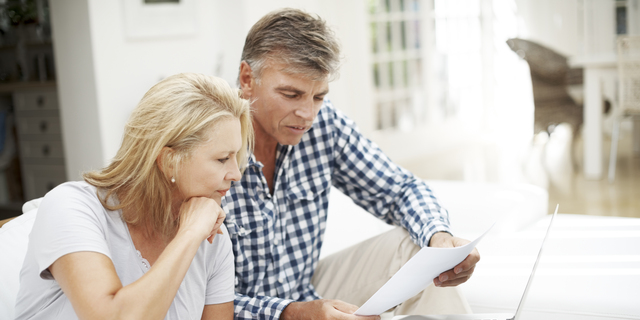 Mature couple doing paperwork and using computer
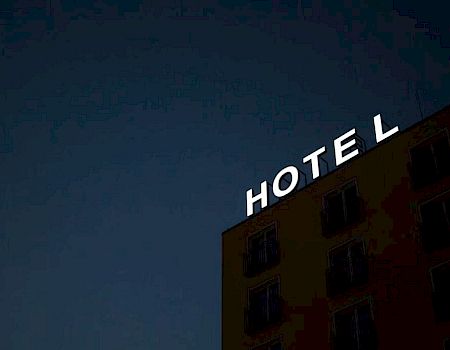 A hotel building with an illuminated sign reading 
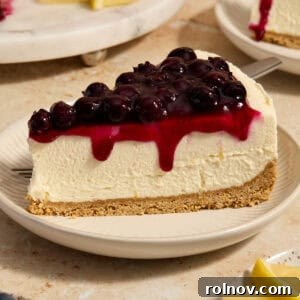 A luscious slice of lemon blueberry cheesecake, served on a pristine white plate, showcasing its vibrant layers.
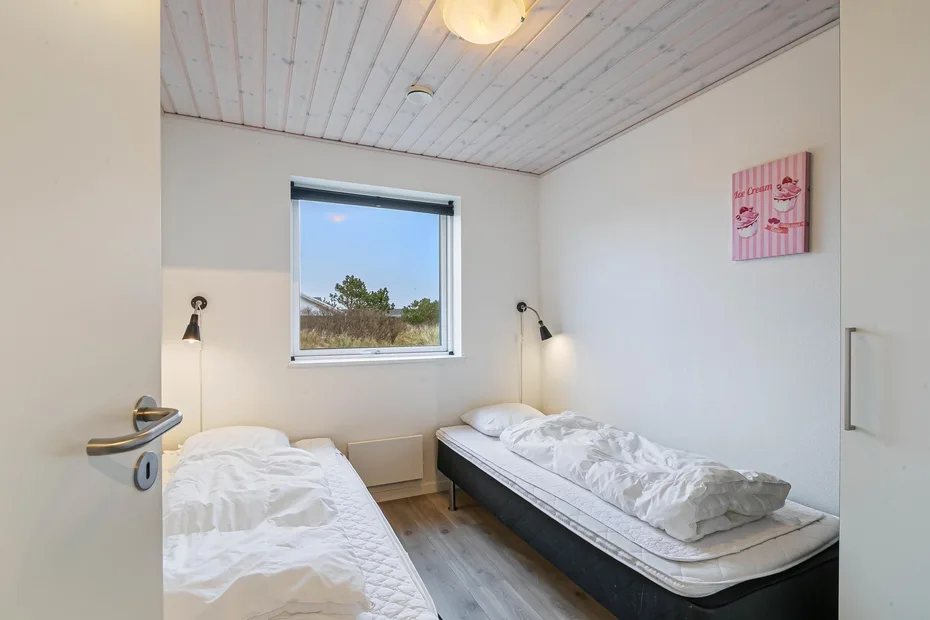 Un dormitorio con dos camas y una ventana con vista a la vegetación.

**Problem requirements:**
Restate the data above word for word, omitting every picture.

**Task response:**
 Mature couple doing paperwork and using computer
 A hotel building with an illuminated sign reading 
 A luscious slice of lemon blueberry cheesecake, served on a pristine white plate, showcasing its vibrant layers.
 Un dormitorio con dos camas y una ventana con vista a la vegetación.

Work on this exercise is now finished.